Why Can’t Dogs Eat Chocolate
We all know that chocolate is delicious and that most of us can’t get enough of it. But when it comes to our furry friends, why can’t dogs eat chocolate? While it may bring us humans immense joy, chocolate can be extremely toxic for our four-legged friends. In this article, we explore why chocolate is so dangerous for dogs, the symptoms of chocolate toxicity, and what steps pet owners should take if their pet has ingested chocolate.
What Makes Chocolate Toxic to Dogs?
Chocolate contains substances called methylxanthines, most commonly theobromine, which is the active ingredient that makes chocolate poisonous to dogs. Theobromine is a member of the xanthine family, a group of alkaloids that also includes caffeine. Dogs lack the liver enzyme that can break down theobromine, so they cannot metabolize it quickly enough. As a result, theobromine can build up in the body and cause serious health issues.
Symptoms of Chocolate Toxicity
Chocolate toxicity occurs when dogs ingest large amounts of chocolate, typically in the form of cocoa powder, darker Chocolate, and baking chocolate. The amount of Chocolate that is toxic depends on the size of the dog and the type of chocolate consumed. In addition to the obvious tummy troubles such as vomiting and diarrhea, symptoms of chocolate toxicity can include:
• Increased thirst
• Increased urination
• Excessive panting or drooling
• Elevated heart rate
• Abnormal heart rhythms
• Muscle tremors or twitching
How Much Chocolate is Too Much?
The amount of chocolate that can be toxic for a dog depends on the size of the dog, the type of chocolate, and the amount consumed. All types of chocolate contain theobromine and caffeine, and can be toxic, however, the amount of theobromine in different types of chocolate vary. Baking chocolate contains the highest amount of theobromine, followed by dark chocolate, semi-sweet chocolate, milk chocolate, and white chocolate contains the least amount. Generally speaking, an ounce of baking chocolate can be toxic even for large dogs, whereas an ounce of milk chocolate may be non-toxic for smaller dogs.

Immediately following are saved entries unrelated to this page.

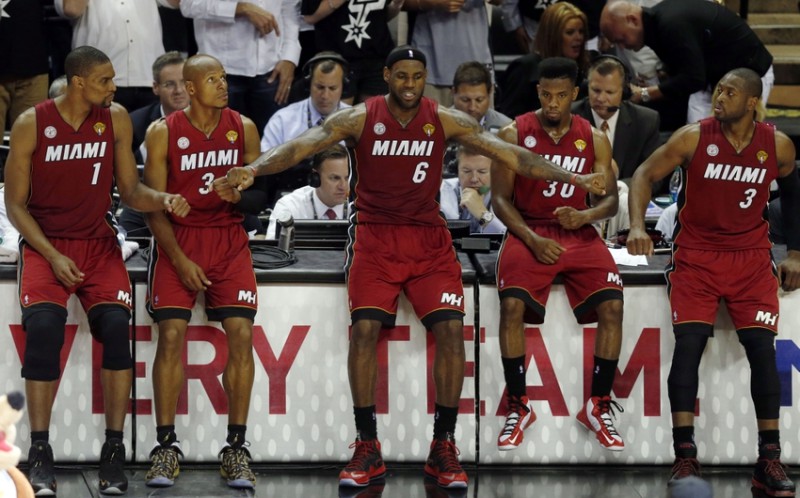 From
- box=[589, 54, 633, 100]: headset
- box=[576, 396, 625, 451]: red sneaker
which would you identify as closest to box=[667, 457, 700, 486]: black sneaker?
box=[576, 396, 625, 451]: red sneaker

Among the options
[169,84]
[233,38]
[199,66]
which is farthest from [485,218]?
[233,38]

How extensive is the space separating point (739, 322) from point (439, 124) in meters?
1.63

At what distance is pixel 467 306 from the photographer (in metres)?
6.54

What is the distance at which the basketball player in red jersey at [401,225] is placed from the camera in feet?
20.6

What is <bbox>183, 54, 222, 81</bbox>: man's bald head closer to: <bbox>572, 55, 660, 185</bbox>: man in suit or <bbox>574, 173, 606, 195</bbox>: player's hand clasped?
<bbox>574, 173, 606, 195</bbox>: player's hand clasped

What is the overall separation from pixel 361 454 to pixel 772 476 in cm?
181

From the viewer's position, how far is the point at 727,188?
6422 millimetres

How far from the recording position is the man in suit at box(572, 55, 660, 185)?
27.1 feet

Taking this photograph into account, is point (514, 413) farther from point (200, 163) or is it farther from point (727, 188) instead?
point (200, 163)

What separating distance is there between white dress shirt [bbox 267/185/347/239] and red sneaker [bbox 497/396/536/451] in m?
1.78

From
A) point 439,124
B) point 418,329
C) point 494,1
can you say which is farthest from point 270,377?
point 494,1

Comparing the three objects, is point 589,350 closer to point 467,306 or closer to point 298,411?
point 467,306

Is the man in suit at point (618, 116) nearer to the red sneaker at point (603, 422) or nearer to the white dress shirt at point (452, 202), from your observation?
the white dress shirt at point (452, 202)

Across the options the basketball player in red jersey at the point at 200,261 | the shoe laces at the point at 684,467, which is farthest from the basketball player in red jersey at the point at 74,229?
the shoe laces at the point at 684,467
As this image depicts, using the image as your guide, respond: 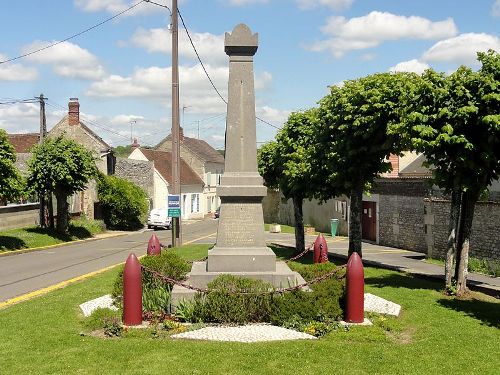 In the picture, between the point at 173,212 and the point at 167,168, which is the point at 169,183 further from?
the point at 173,212

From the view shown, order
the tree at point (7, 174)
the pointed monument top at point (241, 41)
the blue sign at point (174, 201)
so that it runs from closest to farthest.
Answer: the pointed monument top at point (241, 41) → the blue sign at point (174, 201) → the tree at point (7, 174)

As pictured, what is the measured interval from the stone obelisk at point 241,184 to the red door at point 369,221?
19.5 m

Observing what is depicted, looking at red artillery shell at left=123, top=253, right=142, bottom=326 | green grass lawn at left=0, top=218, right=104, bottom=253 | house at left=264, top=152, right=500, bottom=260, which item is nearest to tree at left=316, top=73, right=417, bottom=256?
house at left=264, top=152, right=500, bottom=260

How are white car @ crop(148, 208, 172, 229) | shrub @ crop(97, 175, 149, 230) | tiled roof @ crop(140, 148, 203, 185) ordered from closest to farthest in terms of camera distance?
shrub @ crop(97, 175, 149, 230), white car @ crop(148, 208, 172, 229), tiled roof @ crop(140, 148, 203, 185)

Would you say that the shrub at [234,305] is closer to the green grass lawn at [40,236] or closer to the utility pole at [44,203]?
the green grass lawn at [40,236]

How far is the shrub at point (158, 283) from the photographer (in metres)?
9.52

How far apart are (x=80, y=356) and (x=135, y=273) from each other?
1788 millimetres

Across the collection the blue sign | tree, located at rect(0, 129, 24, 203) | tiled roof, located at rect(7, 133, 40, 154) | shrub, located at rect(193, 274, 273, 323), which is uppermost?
tiled roof, located at rect(7, 133, 40, 154)

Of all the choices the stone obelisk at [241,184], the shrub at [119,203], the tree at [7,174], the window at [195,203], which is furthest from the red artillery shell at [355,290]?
the window at [195,203]

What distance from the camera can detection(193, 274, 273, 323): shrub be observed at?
29.0ft

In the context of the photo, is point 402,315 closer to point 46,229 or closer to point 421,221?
point 421,221

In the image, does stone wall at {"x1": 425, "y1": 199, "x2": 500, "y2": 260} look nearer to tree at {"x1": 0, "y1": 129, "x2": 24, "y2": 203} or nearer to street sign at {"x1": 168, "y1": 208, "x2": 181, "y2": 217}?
street sign at {"x1": 168, "y1": 208, "x2": 181, "y2": 217}

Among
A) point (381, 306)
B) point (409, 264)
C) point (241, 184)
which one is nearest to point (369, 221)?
point (409, 264)

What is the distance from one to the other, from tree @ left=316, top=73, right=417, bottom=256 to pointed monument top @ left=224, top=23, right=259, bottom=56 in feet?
13.3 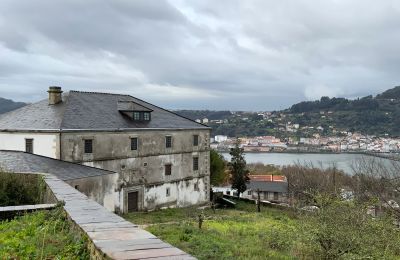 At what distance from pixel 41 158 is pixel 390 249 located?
1602 cm

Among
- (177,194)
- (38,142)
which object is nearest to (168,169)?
(177,194)

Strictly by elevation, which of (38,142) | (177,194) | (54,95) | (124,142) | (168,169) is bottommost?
(177,194)

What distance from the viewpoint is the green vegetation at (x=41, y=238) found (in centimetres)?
562

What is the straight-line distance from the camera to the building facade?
25.0 m

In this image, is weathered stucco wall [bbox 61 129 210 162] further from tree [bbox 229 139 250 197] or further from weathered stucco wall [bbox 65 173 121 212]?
tree [bbox 229 139 250 197]

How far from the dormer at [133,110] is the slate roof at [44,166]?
29.7ft

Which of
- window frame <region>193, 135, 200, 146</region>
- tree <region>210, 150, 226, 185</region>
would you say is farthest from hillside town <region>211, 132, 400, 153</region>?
window frame <region>193, 135, 200, 146</region>

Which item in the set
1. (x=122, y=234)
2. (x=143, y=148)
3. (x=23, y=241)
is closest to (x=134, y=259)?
(x=122, y=234)

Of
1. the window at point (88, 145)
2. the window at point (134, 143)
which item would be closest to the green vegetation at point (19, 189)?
the window at point (88, 145)

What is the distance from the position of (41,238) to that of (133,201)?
918 inches

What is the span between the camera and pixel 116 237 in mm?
4738

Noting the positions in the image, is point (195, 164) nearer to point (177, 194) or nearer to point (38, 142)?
point (177, 194)

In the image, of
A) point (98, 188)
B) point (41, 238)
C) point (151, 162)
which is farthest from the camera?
point (151, 162)

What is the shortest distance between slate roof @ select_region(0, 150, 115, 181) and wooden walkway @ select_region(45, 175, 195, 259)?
1037 cm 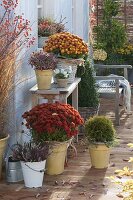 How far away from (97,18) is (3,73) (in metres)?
6.38

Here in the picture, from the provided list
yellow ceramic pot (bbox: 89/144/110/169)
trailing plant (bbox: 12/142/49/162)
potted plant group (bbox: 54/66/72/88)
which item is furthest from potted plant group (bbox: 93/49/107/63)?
trailing plant (bbox: 12/142/49/162)

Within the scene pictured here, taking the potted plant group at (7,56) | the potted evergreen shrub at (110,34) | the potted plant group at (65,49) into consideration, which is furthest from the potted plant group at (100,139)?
the potted evergreen shrub at (110,34)

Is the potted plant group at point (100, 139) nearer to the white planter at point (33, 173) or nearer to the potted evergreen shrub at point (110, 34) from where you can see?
the white planter at point (33, 173)

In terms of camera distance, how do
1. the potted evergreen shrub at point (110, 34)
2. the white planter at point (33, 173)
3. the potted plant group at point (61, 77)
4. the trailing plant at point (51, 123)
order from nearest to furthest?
the white planter at point (33, 173) → the trailing plant at point (51, 123) → the potted plant group at point (61, 77) → the potted evergreen shrub at point (110, 34)

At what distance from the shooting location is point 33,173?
3.72 metres

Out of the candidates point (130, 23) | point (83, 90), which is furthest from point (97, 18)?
point (83, 90)

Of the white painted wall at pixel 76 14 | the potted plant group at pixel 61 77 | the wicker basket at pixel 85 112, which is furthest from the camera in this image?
the white painted wall at pixel 76 14

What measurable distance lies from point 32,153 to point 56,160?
0.35m

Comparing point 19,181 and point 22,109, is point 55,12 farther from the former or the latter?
point 19,181

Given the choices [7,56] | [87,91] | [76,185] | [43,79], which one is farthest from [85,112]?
[7,56]

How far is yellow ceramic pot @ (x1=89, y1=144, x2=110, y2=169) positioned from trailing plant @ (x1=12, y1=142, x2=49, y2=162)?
1.99ft

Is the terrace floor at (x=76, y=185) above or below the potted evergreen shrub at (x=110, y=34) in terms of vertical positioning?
below

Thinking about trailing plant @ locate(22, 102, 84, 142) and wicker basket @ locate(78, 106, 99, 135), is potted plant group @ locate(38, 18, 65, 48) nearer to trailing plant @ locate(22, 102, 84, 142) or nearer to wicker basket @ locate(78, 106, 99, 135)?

Treatment for Chocolate Toxicity
If you suspect your pet has ingested chocolate, contact your vet right away. The treatment for Chocolate toxicity usually involves inducing vomiting and administering activated charcoal to absorb any remaining chocolate in the stomach. Your vet may also administer a medication called intravenous dextrose to prevent low blood sugar, and a diuretic to promote urination and excretion of theobromine in the urine. In severe cases, where the heart rate is elevated or there are seizures, your vet may do an ECG to monitor the heart rate and administer drugs to control heart rate and seizures.
Prevention is Always Better Than Treatment
One of the best ways to avoid chocolate toxicity in pets is to keep chocolate out of reach of your pet. Make sure your pet does not have access to any foods or snacks that contain chocolate, and do not feed your pet any foods that may contain chocolate as an ingredient. Store chocolate and all other potentially toxic food and snacks so that your pet cannot get to them. Finally, keep human medications and supplements that may contain chocolate away from pets as well.

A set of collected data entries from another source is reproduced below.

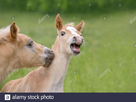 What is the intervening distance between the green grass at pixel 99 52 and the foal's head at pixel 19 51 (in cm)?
261

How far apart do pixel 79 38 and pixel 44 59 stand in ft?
2.25

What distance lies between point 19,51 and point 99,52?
Result: 675 centimetres

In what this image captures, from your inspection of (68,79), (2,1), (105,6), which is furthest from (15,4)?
(68,79)

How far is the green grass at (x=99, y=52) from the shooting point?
7242 mm

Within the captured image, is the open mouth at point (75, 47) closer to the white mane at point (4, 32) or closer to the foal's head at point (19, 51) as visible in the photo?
the foal's head at point (19, 51)

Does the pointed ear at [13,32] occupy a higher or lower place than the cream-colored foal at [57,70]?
higher

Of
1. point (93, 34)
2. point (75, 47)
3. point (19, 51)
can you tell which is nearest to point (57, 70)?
point (75, 47)

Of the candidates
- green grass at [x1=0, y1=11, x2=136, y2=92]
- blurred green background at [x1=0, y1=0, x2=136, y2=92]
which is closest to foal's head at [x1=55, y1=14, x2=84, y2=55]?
blurred green background at [x1=0, y1=0, x2=136, y2=92]

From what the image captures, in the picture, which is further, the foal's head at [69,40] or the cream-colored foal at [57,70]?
the cream-colored foal at [57,70]

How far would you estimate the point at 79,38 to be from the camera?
11.7ft

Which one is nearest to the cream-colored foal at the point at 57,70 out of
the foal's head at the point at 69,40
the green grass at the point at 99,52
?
the foal's head at the point at 69,40

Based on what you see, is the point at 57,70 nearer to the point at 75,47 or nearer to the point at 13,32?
the point at 75,47

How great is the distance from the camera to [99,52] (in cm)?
1000

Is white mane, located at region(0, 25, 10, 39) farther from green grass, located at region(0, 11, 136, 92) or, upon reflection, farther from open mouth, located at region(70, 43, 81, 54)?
green grass, located at region(0, 11, 136, 92) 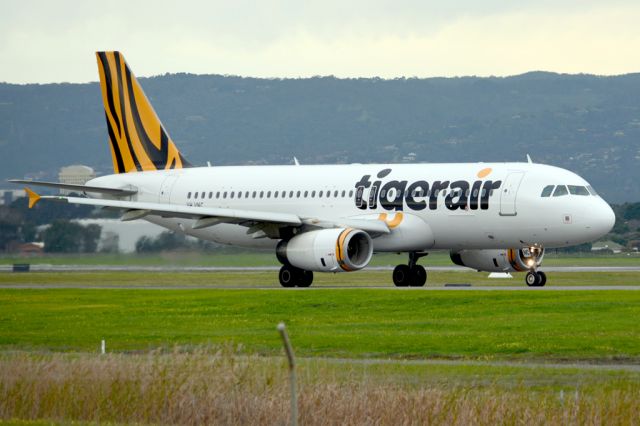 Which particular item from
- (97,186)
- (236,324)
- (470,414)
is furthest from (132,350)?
(97,186)

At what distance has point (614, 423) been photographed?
1928 centimetres

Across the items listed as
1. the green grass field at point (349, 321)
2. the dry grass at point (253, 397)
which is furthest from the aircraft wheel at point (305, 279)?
the dry grass at point (253, 397)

Theobromine and other substances present in chocolate can be toxic to dogs and can cause a number of unpleasant and even dangerous symptoms. Signs of chocolate toxicity include vomiting, agitation, increased thirst, increased urination, seizures, elevated heart rate and abnormal heart rhythms. Pet owners should keep chocolate and other potentially toxic foods, medications, and snacks away from their pets and contact their vet right away if they suspect their pet has ingested chocolate. Prevention is always the best approach with chocolate toxicity, so make sure to keep your furry friends safe and chocolate-free!